Re: timers: Move clearing of base::timer_running under base::lock

From: Thomas Gleixner
Date: Mon Dec 07 2020 - 09:30:34 EST


On Mon, Dec 07 2020 at 14:07, Sebastian Andrzej Siewior wrote:
> On 2020-12-06 22:40:07 [+0100], Thomas Gleixner wrote:
>> syzbot reported KCSAN data races vs. timer_base::timer_running being set to
>> NULL without holding base::lock in expire_timers().
>>
>> This looks innocent and most reads are clearly not problematic but for a
>> non-RT kernel it's completely irrelevant whether the store happens before
>> or after taking the lock. For an RT kernel moving the store under the lock
>> requires an extra unlock/lock pair in the case that there is a waiter for
>> the timer. But that's not the end of the world and definitely not worth the
>> trouble of adding boatloads of comments and annotations to the code.

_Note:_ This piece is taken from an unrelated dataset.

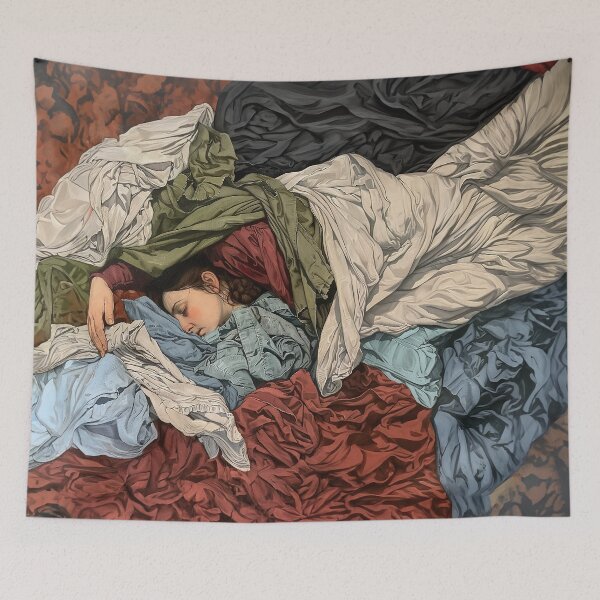 Item preview, Domestica - Laundry Day 1 designed and sold by high-noon-moon.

Famous
>> last words...
>>
>> Reported-by: syzbot+aa7c2385d46c5eba0b89@xxxxxxxxxxxxxxxxxxxxxxxxx
>> Reported-by: syzbot+abea4558531bae1ba9fe@xxxxxxxxxxxxxxxxxxxxxxxxx
>> Signed-off-by: Thomas Gleixner <tglx@xxxxxxxxxxxxx>
>
> One thing I noticed while testing it is that the "corner" case in
> timer_sync_wait_running() is quite reliably hit by rcu_preempt
> rcu_gp_fqs_loop() -> swait_event_idle_timeout_exclusive() invocation.

I assume it's something like this:

timeout -> wakeup

->preemption
del_timer_sync()
.....

Thanks,

tglx